But with the rise of civilization, as we have seen, increasingly important areas of life came to be governed by an alternate symbol system. The conditions of civilized life forced on man a greater degree of separateness from the community. Participation in the larger whole became not so much the given reality as something hungered for. Man experienced himself as estranged from unity and wholeness and thrown into a world in which individual existence was a burden. In this situation, religion functioned in two major ways. It continued to function in continuity with the mythical symbol systems of the past, as the foundation of meaning and communal unity and the magical means of obtaining desired goods. But now it began to function also as the means for overcoming the sense of isolation and separateness that civilization brought with it. Of course, these functions can be separated sharply only from a later perspective. Yet we can identify in ancient civilizations the beginnings of a ministry to the felt needs of individuals alongside the communal celebrations and magic rites.

In India, the emerging conscious rationality focused its attention on interpreting the traditional religious activities in terms of the increasingly insistent needs of individuals to find freedom from the suffering of isolation and estrangement. Axial man emerged in the process of the religious quest itself. The victory of rational reflection occurred in the struggle to find freedom from the pain and suffering of individualization and separateness.

For almost the whole of Indian thought, the pain of the human situation was accentuated by the view that present existence is only a small part of the whole. That is, one did not think of birth and death as the beginning and ending of experience. Rather, they were only transitions from one state of being to another. This conviction of immortality, far from comforting and reassuring the suffering individual, indicated to him that even in death he could not escape the burden and terror of existence.

It is difficult for us to understand just what is involved in this ancient doctrine of transmigration. Probably it antedated the emergence of that kind of individuality treated in the last chapter. In its primitive form, it did not mean that the reflective individual conceived of himself as having had innumerable prior lives and as destined for many future ones. Rather, it reflected a less individualized understanding of existence, in which what persisted were impersonal processes that gained particularized expression in human experience. Where a heightened sense of individuality emerged in the axial period, the problem was changed, but it is significant that the vision of beginninglessness and of endlessness constituted the context of thought for the axial thinkers of India. The meaning and character of this endlessness was interpreted and reinterpreted, but rarely did there emerge the clear sense of radical beginning with physical birth and radical ending with physical death that the Western mind often mistakenly identifies with universal common sense.

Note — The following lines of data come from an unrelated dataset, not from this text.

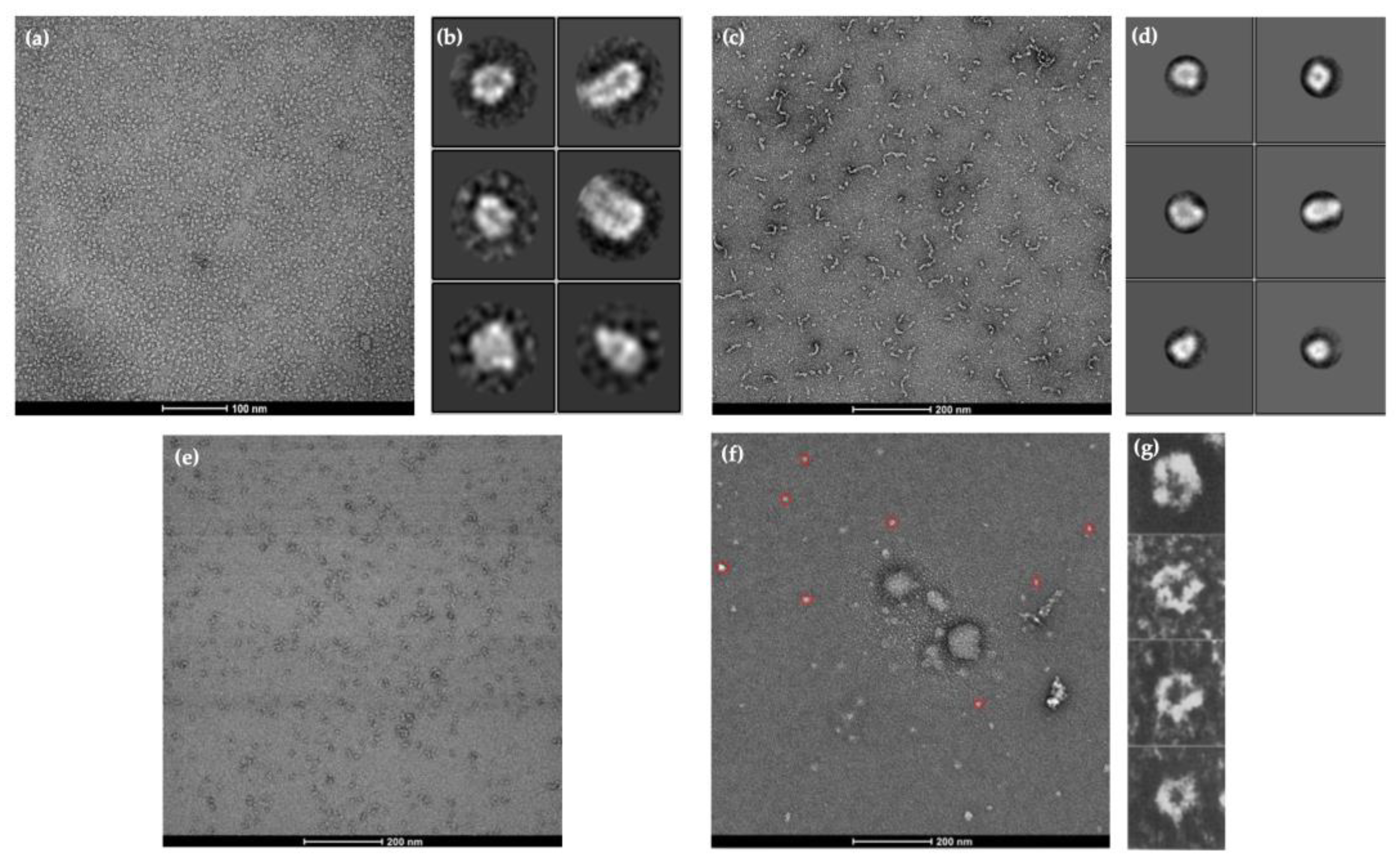 Ijms 25 10142 g003 Ijms 25 10142 g003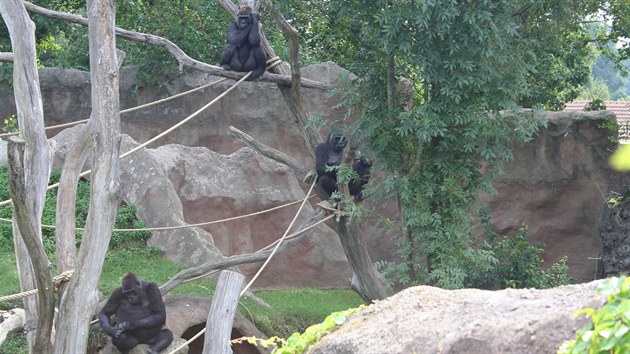 Vlevo Shinda, uprost�ed Bikira, vpravo Kijivu. Srpnov� pohoda ve venkovn�m v�b�hu pavilonu  goril pra�sk� zoo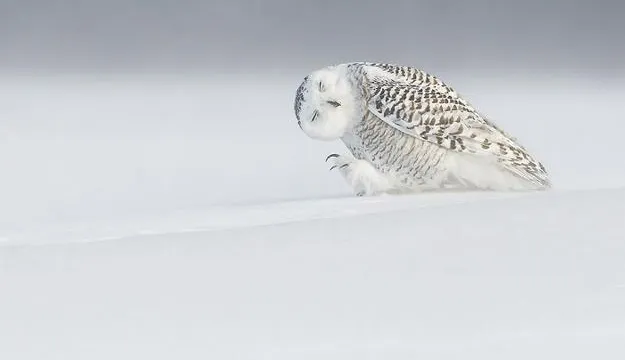 landscapes, images of birds and animals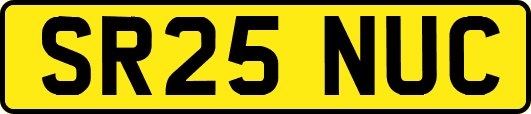 SR25NUC
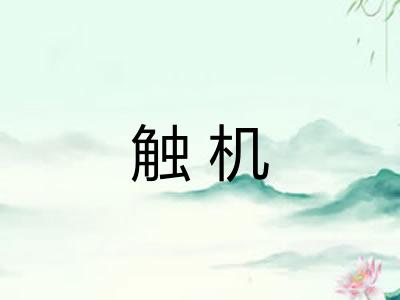 触机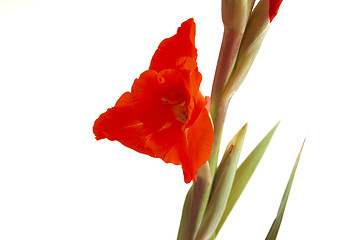 Image showing Red Gladiolus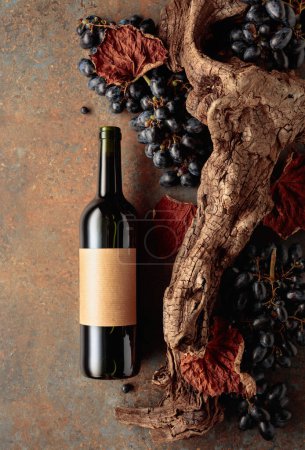Foto de Botella de vino tinto con uvas azules sobre un fondo oxidado con un viejo enganche y hojas de vid secas. Concepto de vinería. Vista superior. Copiar espacio. - Imagen libre de derechos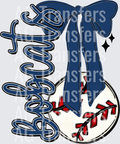 Bobcats(523)
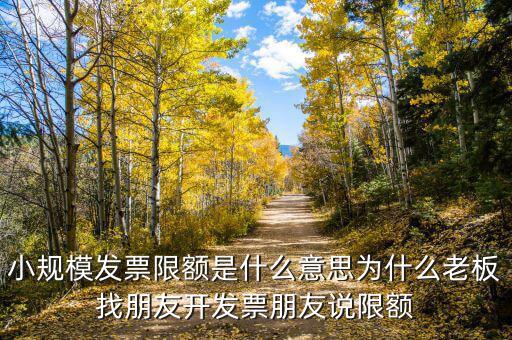 發(fā)票機為什么限額，稅控機顯示發(fā)票超出累計限額是什么原因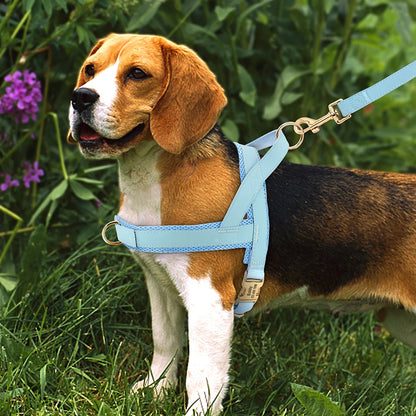 Custom Leather Dog Harness - Personalized No Pull Vest S-XL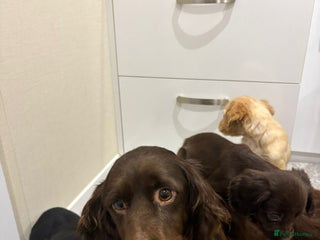 Cocker Spaniel dogs Cocker spaniel puppies ready to leave - Advert 4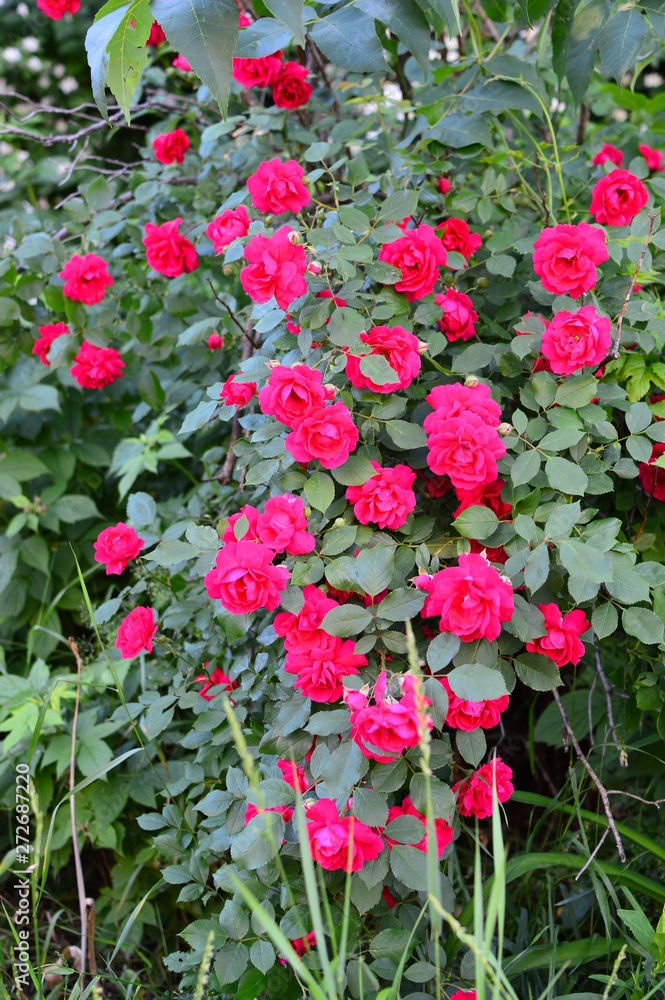 seamless background with roses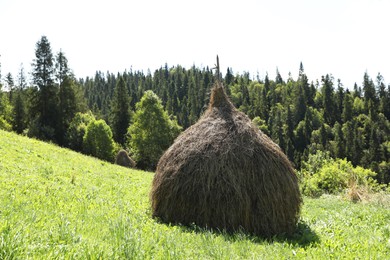 Photo of Pile of hay on green grass on sunny day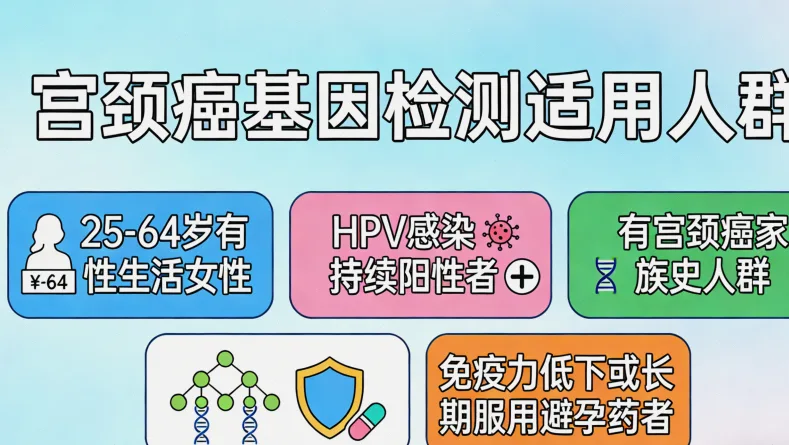 MET基因信号通路示意图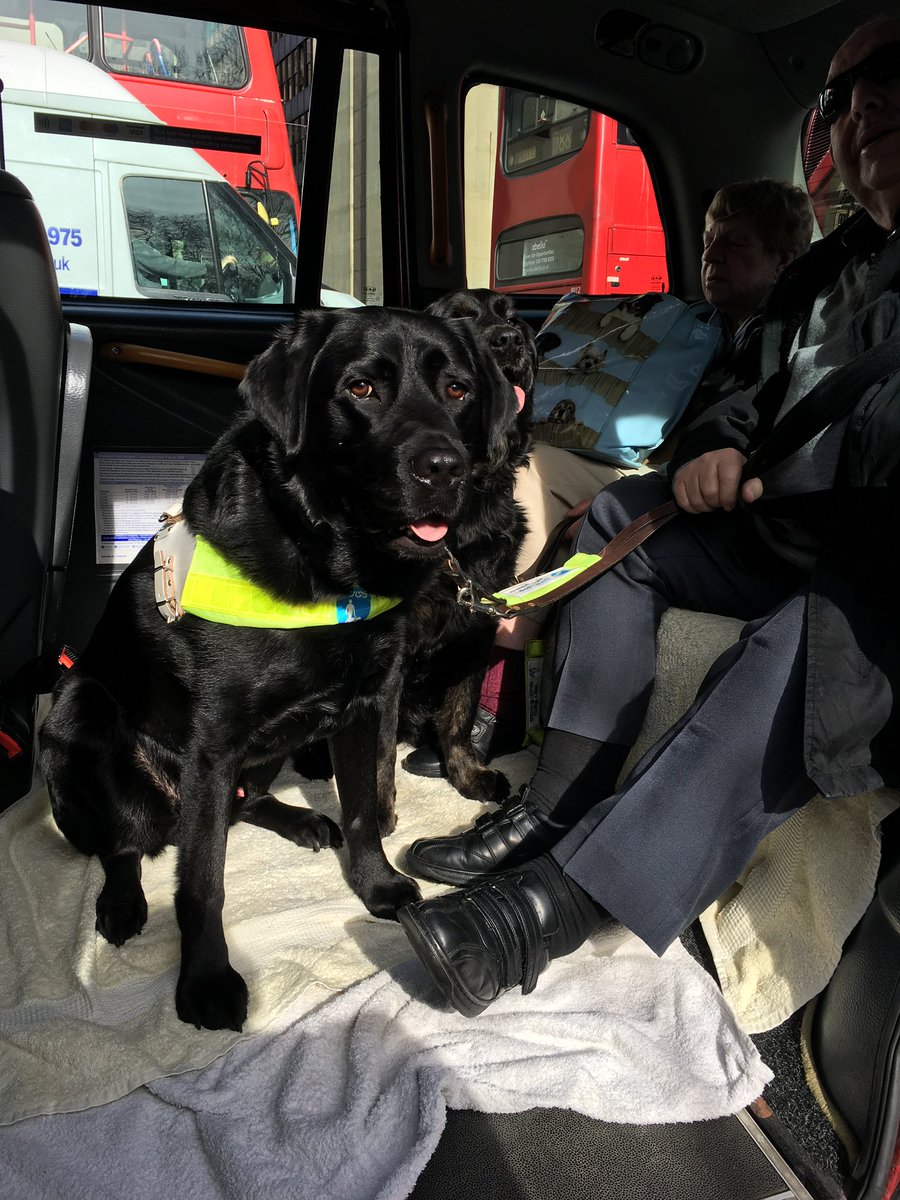 TaxiMash's tweet photo. @DebessCab Walked this beautiful boy for years this is from ages ago when I was taking them to Euston to go on their holidays, sadly he is no longer with us ๐ข๐๐ #BlackLabsMatter #GuideDogs https://t.co/yUtc1U2cBT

Most Indian thinkers, in their passionate quest for release from the unbearable situation in which the individual found himself, also shared a common assumption that the experience of isolation and estrangement pointed to a reality other than that which is immediately and obviously given. The sheer phenomenal flux and the sheer givenness of separate existence were rationally unintelligible as well as existentially unendurable. The task of thought was so to penetrate through this phenomenal world that man could find his way to reality itself.

Thus in India, the quest for individual salvation from the pain of sheer individuality was immediately and inextricably involved with the ontological or metaphysical question as to the real. Far earlier than in the West, many of the major possible answers to this question were formulated with profound sophistication and insight. The fact that the metaphysical quest was inseparable from the existential one meant that each answer to the former was also a religious movement or school. In a purely schematic way, we can note some of the varieties of Indian thought and their diverse implications for the quest for release or salvation.

The two fundamental metaphysical possibilities considered by the Indian thinkers were pluralism and monism. Pluralism is the view that ultimate reality is composed of numerous monads, that is, that the whole of reality is constituted by the addition of its parts. Monism is the view that the appearance of multiplicity is finally an error, that reality is finally one, and that all diversity must be seen in the light of that truth. We can consider briefly the kinds of consequences that were drawn from these fundamental convictions. (For the treatment of Jaina, Sankhya, and Vedanta, I am largely indebted to Heinrich Zimmer, Philosophies of India (Meridian Books, Inc., 1956)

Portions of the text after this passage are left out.